■ The problem
Transcribe the lines below verbatim, skipping the images.

■ Extracted information

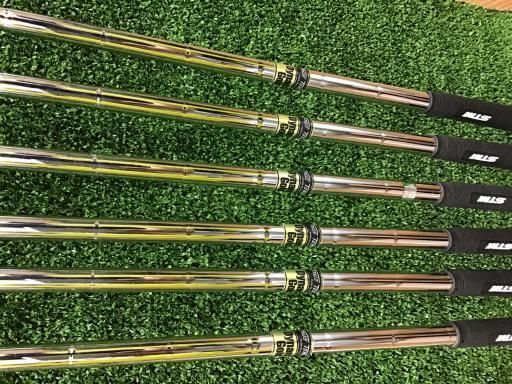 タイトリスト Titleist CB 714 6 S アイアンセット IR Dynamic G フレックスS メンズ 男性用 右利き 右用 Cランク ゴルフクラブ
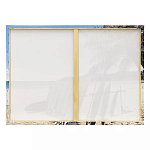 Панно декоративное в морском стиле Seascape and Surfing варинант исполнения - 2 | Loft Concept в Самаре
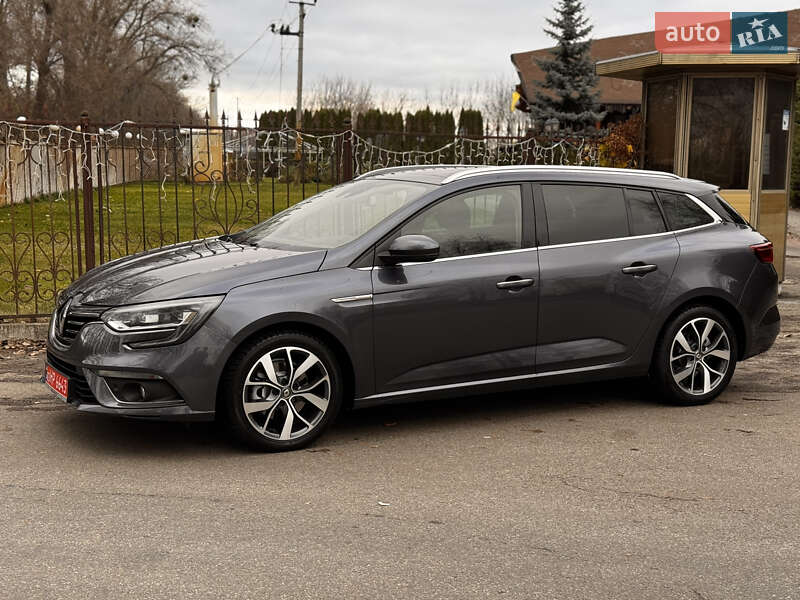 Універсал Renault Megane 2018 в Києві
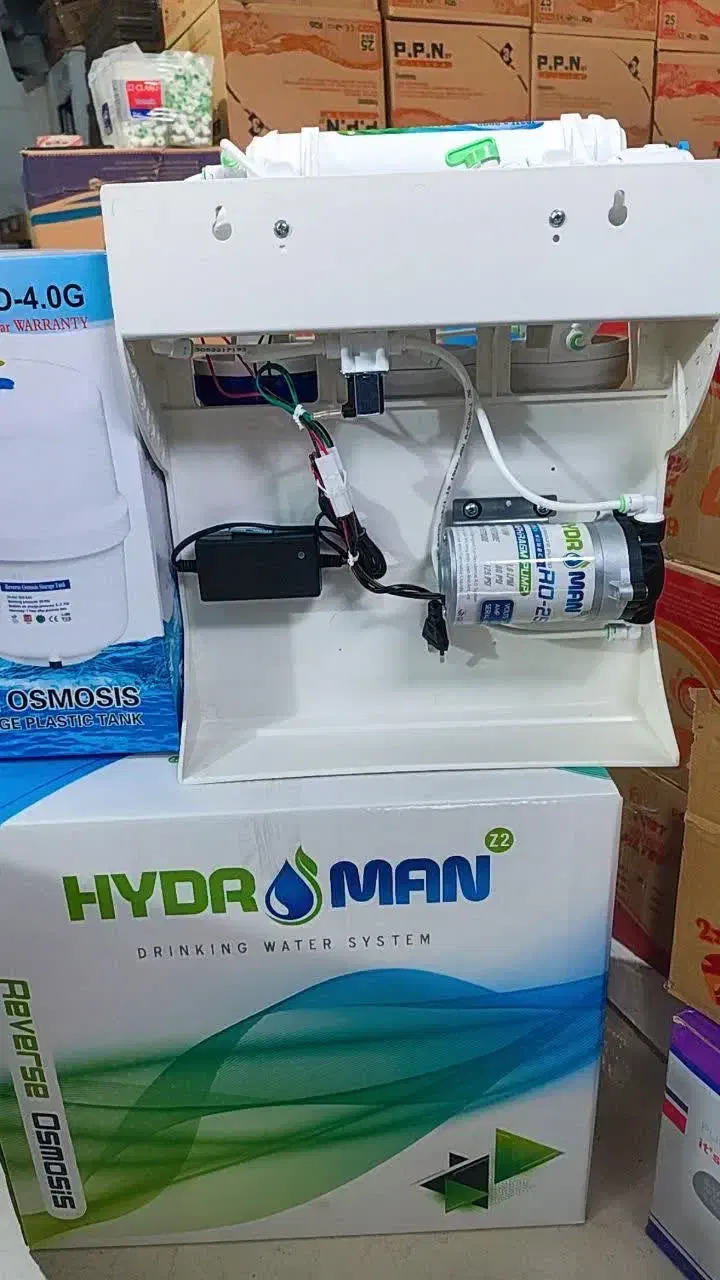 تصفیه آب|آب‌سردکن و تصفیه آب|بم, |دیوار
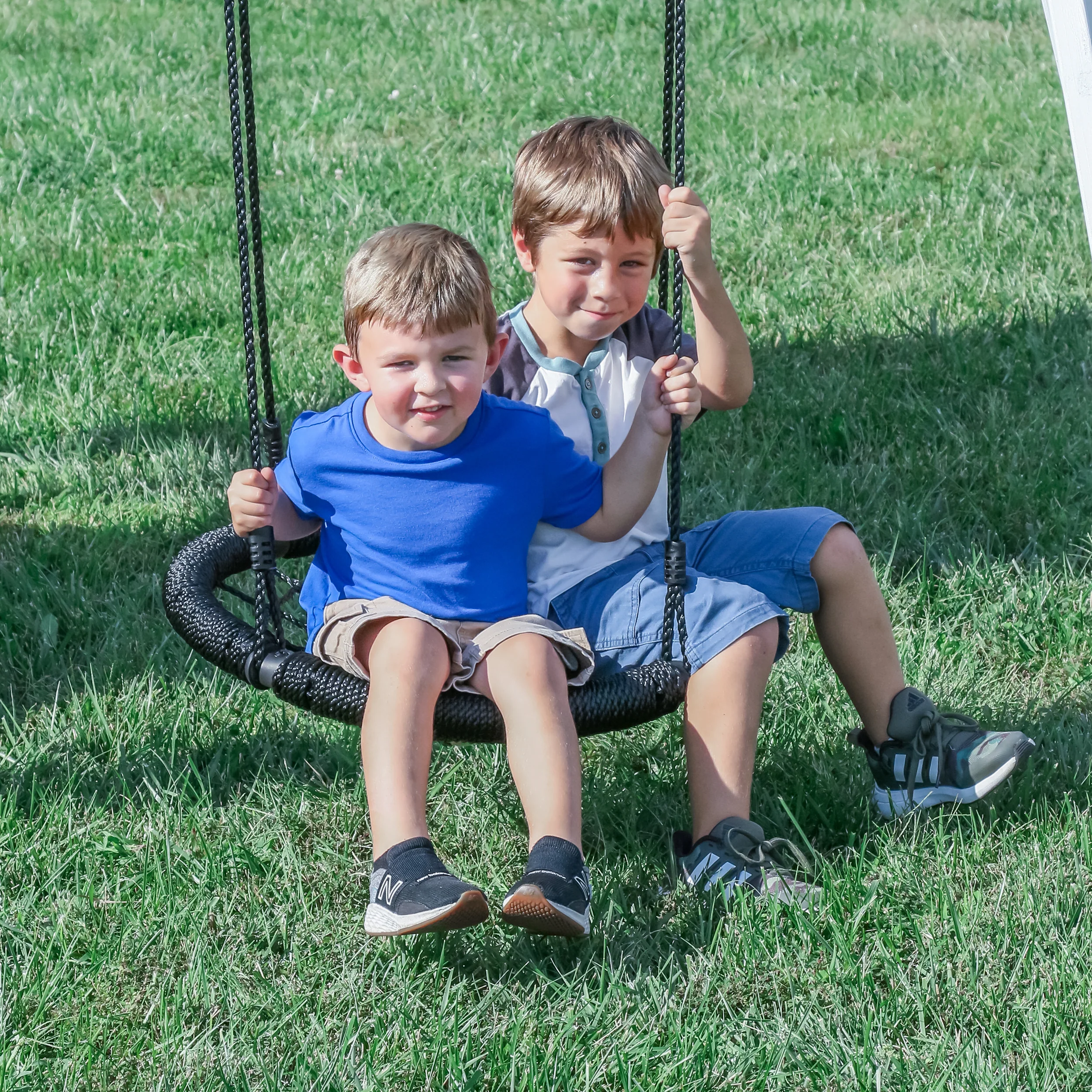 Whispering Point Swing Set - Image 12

■ Solution for this exercise
 タイトリスト Titleist CB 714 6 S アイアンセット IR Dynamic G フレックスS メンズ 男性用 右利き 右用 Cランク ゴルフクラブ
 Панно декоративное в морском стиле Seascape and Surfing варинант исполнения - 2 | Loft Concept в Самаре
 Універсал Renault Megane 2018 в Києві
 تصفیه آب|آب‌سردکن و تصفیه آب|بم, |دیوار
 Whispering Point Swing Set - Image 12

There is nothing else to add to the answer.